Secondo l’FBI sin dai primi giorni dello scorso gennaio sono state create
delle organizzazioni criminali ad hoc, vere e proprie task force, con il preciso scopo di
appropriarsi del denaro, delle coordinate bancarie, e delle carte di credito che i compassionevoli
internauti vorranno lanciare, a mò di salvagenti, ai superstiti dell’immane
tragedia. D’altronde, non c’è sito commerciale, non c’è asta di eBay, non c’è messaggio
di posta elettronica che non nomini un ipotetico e generico “ricavato” - quale
che esso sia - da devolvere in parte alle vittime del maremoto.
Un frenetico “fai da
te”, spesso onesto, che va a mischiarsi con le apparizioni estemporanee dei siti Web di
fantomatiche (famigerate?) organizzazioni impegnate a tempo pieno nella raccolta di
fondi. E poi “catene di S.Antonio”, richieste individuali di aiuto economico, gruppi di
volontariato... mai sentiti prima. Impossibile capire come stiano le cose, dove sia
la verità, di chi fidarsi: la melma travolge tutti, in un indefinito impasto che miscela
la truffa più becera con una sincera (ma confusa) volontà di aiutare il prossimo.
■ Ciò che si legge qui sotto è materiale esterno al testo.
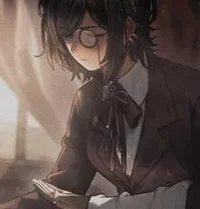 Outis - Chief Butler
Il lato peggiore della faccenda è che, anche senza l’allerta ufficiale, qualcosa del
genere ce lo aspettavamo tutti. Per chi non ha scrupoli, Internet rappresenta
una lunghissima canna da pesca dalla quale si possono far sventolare contemporaneamente
milioni di ami. E con quale grasso verme conviene ricoprire la punta acuminata
di un imbroglio, se non quello della pietà (e del senso di colpa) che tutti proviamo
quando qualcun altro (ossia “qualcuno al nostro posto”) viene colpito dal dolore e
dalla disgrazia?
Di fronte alla sublime meschinità di questa pesca, l’indignazione
serve a poco. Da sempre il male nidifica nel dolore, perché sa bene che l’umana
compassione è l’unico “cavallo di Troia” che, prima o poi, ciascuno di noi è disposto
a far entrare nel proprio giardino.
Ma il crimine vero, quello che non può e non deve essere perdonato, è un altro.
Non è di certo la truffa che, su questo pianeta, ha oramai acquisito una sua “dignità”.
Il crimine di questi sciacalli è semmai quello di averci fornito nuove scuse per chiamarci
fuori, nuove giustificazioni per fare un passo indietro, per riporre la nostra solidarietà
in naftalina in attesa di tempi migliori. Se oggi siamo qui a mettervi sul chi va
là, ad invitarvi alla prudenza, alla circospezione, a ricordarvi che “fidarsi è bene, ma
non fidarsi è meglio”, significa che gli sciacalli hanno già fatto gran parte del male
che potevano fare. È triste dover riconoscere che la tecnologia ci aiuta a essere
solidali con il nostro prossimo semplicemente perché coniuga la nostra disprezzabile
pigrizia con il piccolissimo sforzo che ci viene richiesto per fornire il nostro contributo:
un tasto, un link, un SMS ed è fatta.
Ma è ancor più triste che un pur così grande risultato possa essere compromesso
dall’ululato, matto e disperato, di chi, invece, nella tecnologia vede soltanto un
“campo dei miracoli” in cui seppellire cadaveri per far risorgere zecchini d’oro.